*** Opening of Data provided ***

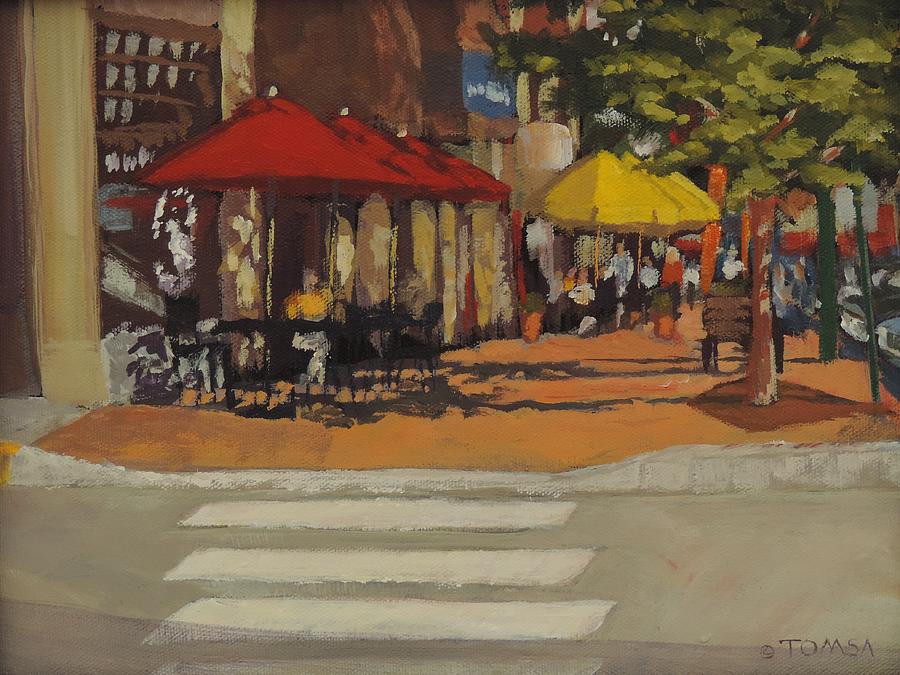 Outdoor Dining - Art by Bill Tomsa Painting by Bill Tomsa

*** Close of Data provided ***
*** Opening of Data provided ***

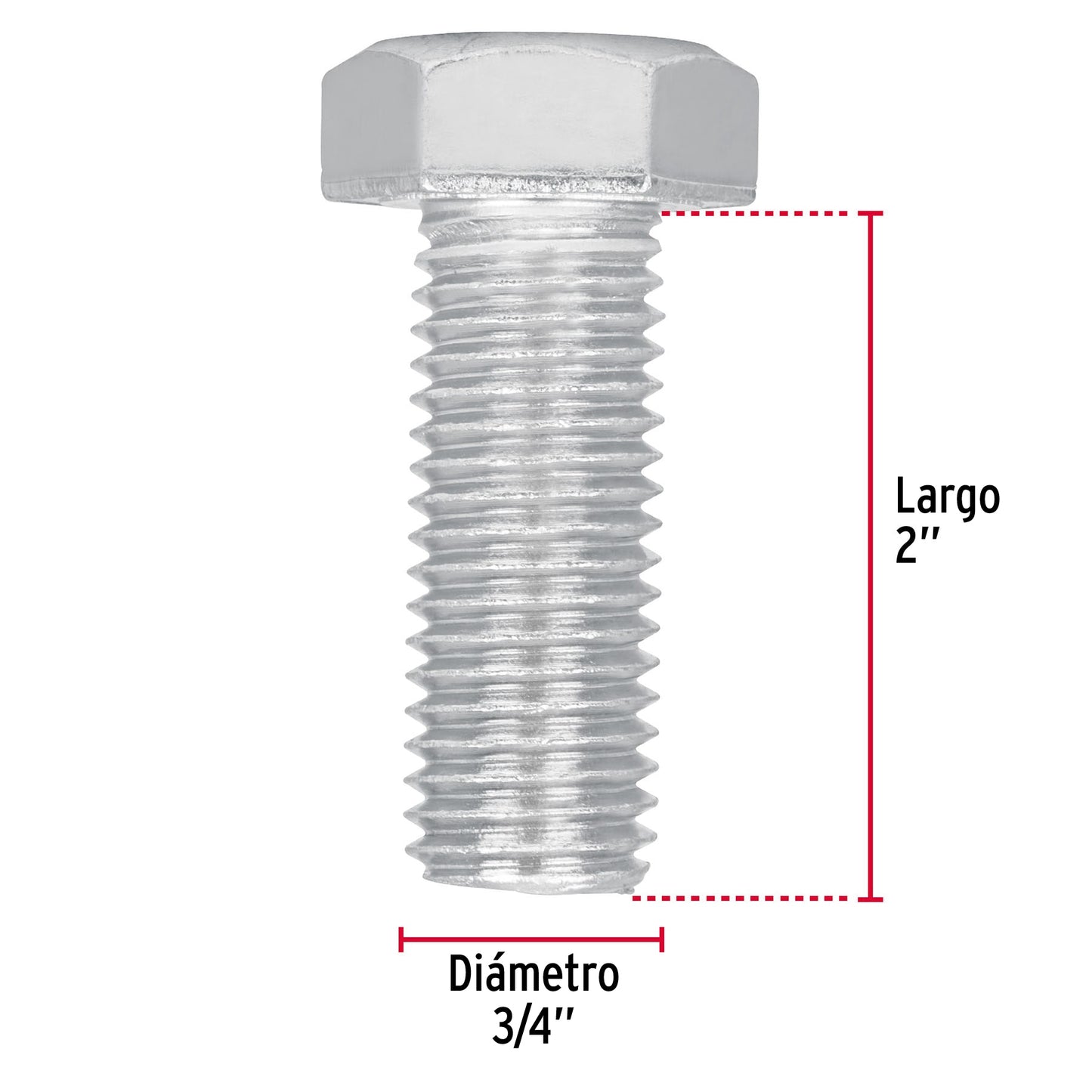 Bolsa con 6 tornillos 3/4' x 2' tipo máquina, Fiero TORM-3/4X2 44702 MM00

*** Close of Data provided ***
*** Opening of Data provided ***

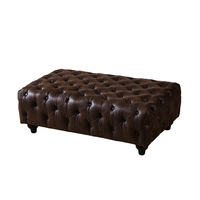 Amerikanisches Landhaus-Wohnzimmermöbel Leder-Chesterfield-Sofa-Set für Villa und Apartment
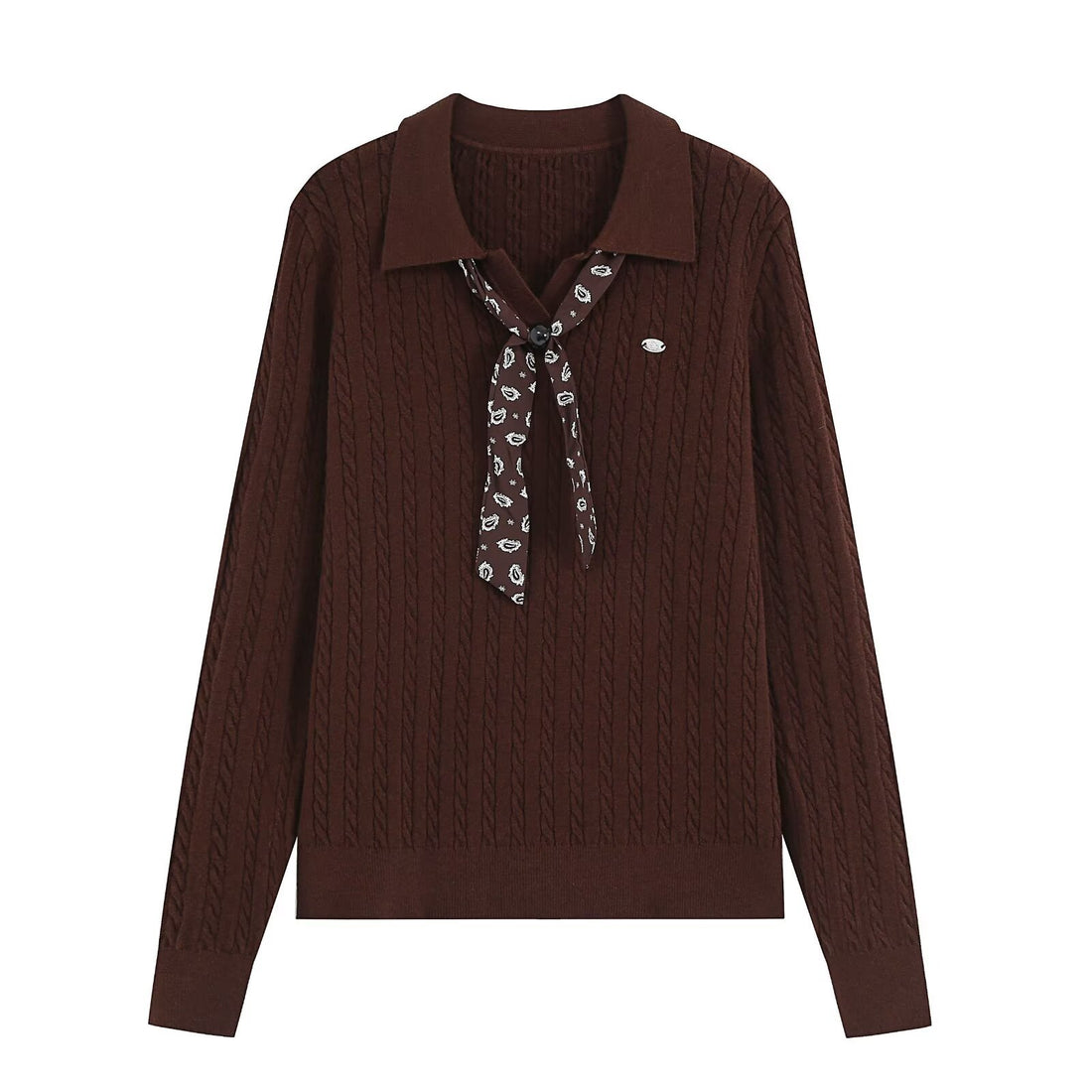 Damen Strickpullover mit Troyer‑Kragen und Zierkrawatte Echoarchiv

*** Close of Data provided ***

_Task to complete_:
Copy only the lines above from the one containing "Villa und Apartment" through the one containing "Damen Strickpullover mit", both included. Leave out the pictures.

_Your response_:
 Amerikanisches Landhaus-Wohnzimmermöbel Leder-Chesterfield-Sofa-Set für Villa und Apartment
 Damen Strickpullover mit Troyer‑Kragen und Zierkrawatte Echoarchiv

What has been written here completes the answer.